Keine Bürgerkriegsgefahr

Bezüglich der USA und der Gefahr, dass es dort zu einem Bürgerkrieg kommen könnte, sagte Schallenberg, der im Juli eine Woche in den Vereinigten Staaten verbracht und viele Gespräche geführt hatte, dass er diese Bedrohung nicht sehe. Das tödliche Attentat auf den Pro-Trump-Aktivisten Charlie Kirk halte er allerdings für eine "Katastrophe", da es die Spaltung verstärke.

Zusammenfassung
  • Alexander Schallenberg fordert für Europa einen grundlegenden Mentalitätswandel und mehr Mut zu disruptiven Veränderungen, da die Zeit der Selbstzufriedenheit angesichts von Krieg, Pandemie und Wirtschaftskrisen vorbei sei.

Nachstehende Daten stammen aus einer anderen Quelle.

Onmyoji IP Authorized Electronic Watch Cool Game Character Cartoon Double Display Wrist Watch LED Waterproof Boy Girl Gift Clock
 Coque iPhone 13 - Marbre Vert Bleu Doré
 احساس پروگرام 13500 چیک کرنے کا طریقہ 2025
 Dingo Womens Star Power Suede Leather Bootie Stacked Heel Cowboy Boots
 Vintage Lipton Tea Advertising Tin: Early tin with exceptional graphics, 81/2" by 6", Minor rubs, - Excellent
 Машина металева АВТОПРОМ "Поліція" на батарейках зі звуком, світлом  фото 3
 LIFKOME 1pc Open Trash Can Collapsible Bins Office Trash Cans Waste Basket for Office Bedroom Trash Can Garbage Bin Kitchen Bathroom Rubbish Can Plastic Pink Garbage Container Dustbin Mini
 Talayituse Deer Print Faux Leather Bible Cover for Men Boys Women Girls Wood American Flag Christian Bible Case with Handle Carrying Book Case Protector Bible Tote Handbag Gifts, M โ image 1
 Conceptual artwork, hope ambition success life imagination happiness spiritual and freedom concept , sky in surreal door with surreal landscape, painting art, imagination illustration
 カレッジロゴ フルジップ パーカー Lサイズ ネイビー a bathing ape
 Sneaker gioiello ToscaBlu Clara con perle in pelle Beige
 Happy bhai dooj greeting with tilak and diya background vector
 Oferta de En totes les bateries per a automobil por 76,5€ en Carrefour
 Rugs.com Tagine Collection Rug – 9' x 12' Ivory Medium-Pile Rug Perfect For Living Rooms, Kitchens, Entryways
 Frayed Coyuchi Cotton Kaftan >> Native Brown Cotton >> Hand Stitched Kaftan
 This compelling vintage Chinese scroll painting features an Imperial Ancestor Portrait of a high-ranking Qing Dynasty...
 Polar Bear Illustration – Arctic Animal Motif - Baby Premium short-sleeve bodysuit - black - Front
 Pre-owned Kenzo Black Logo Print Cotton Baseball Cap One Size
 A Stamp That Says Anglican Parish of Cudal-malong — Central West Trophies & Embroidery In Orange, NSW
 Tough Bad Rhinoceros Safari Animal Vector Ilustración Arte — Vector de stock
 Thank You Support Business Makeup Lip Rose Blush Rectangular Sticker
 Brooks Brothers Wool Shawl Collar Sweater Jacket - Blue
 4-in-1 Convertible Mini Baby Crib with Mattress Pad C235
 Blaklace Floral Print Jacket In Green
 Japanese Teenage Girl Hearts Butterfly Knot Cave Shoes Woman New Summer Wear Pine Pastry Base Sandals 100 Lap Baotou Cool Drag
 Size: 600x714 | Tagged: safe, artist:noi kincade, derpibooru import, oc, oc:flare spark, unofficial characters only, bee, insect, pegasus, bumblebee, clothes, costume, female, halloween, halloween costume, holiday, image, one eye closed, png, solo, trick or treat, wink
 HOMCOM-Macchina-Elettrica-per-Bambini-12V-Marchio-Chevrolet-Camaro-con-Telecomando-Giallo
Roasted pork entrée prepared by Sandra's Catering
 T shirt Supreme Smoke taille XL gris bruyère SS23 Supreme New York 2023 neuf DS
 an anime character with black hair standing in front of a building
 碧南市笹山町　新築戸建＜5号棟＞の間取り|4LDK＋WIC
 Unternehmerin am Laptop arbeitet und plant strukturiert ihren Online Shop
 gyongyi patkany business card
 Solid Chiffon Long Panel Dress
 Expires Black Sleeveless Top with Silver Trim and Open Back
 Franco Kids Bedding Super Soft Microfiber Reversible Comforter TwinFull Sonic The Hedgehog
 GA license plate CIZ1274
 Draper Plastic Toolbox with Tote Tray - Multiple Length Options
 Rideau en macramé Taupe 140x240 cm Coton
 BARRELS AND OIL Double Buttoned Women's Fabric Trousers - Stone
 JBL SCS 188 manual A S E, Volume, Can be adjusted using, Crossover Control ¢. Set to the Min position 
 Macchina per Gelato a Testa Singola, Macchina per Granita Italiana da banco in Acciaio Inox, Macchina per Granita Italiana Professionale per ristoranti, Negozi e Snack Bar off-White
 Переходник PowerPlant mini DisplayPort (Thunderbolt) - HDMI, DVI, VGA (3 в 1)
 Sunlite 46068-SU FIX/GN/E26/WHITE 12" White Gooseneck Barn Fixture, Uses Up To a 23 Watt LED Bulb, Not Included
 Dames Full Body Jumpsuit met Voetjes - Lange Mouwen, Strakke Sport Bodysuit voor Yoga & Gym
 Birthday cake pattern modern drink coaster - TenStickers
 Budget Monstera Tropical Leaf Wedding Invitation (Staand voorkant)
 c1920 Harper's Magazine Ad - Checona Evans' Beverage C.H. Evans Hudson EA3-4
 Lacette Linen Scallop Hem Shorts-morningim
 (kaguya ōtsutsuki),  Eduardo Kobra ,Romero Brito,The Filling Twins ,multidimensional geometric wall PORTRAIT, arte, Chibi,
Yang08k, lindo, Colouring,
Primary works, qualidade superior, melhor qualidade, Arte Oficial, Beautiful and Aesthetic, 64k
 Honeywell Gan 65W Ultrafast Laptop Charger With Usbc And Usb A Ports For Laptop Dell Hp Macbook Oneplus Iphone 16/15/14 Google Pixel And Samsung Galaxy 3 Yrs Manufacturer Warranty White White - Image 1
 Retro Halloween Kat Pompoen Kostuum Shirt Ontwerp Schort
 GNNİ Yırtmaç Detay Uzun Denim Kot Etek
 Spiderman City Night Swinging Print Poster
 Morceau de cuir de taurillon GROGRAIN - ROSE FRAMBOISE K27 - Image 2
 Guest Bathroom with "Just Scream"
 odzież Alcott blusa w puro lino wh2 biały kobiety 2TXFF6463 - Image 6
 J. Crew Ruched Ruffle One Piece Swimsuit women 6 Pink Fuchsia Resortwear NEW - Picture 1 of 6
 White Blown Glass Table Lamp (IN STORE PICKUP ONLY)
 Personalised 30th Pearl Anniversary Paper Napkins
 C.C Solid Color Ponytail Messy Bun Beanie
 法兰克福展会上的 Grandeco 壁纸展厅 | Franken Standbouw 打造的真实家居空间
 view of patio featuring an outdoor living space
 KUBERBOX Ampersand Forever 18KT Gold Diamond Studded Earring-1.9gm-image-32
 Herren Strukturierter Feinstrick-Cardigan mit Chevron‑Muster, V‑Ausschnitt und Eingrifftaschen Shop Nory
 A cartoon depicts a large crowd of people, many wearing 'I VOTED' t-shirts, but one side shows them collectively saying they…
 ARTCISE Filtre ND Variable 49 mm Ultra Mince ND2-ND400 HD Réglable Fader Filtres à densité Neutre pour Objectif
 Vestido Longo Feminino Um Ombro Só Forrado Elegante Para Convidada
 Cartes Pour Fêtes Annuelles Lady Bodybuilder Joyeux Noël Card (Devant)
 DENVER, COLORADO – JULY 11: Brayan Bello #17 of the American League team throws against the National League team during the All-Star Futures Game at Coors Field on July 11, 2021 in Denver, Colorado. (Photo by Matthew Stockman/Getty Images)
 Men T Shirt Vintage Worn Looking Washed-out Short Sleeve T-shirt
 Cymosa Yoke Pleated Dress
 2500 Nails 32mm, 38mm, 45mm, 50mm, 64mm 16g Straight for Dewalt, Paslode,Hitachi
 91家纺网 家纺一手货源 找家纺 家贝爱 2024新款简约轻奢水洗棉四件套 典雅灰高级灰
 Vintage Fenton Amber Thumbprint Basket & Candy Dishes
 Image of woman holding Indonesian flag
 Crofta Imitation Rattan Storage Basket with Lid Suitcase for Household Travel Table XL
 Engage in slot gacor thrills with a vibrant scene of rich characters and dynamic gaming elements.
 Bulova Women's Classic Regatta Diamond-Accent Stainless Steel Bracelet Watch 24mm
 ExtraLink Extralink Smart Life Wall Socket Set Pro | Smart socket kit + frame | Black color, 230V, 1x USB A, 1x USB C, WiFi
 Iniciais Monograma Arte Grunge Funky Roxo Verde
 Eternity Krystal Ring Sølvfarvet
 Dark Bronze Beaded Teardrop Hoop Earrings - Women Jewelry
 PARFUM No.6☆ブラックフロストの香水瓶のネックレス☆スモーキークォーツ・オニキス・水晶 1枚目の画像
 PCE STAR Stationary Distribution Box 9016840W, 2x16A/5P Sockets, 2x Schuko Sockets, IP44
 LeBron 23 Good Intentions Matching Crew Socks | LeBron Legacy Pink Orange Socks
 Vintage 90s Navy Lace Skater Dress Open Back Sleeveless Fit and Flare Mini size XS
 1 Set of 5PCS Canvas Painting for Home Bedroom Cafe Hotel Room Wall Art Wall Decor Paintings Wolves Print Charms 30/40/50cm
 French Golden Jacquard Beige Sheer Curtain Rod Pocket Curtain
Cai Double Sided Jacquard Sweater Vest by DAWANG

  • Er bezeichnet Migration als Haupttreiber des Populismus und betont, dass Österreich seit zehn Jahren pro Kopf die meisten Asylanträge in Kontinentaleuropa verzeichnet, mit Ausnahme von Zypern.
  • Schallenberg kritisiert die Fokussierung auf Nebenthemen und warnt, dass Europas Wohlstand und Sicherheit nicht mehr selbstverständlich sind, während massive Integrationsprobleme weiterhin bestehen.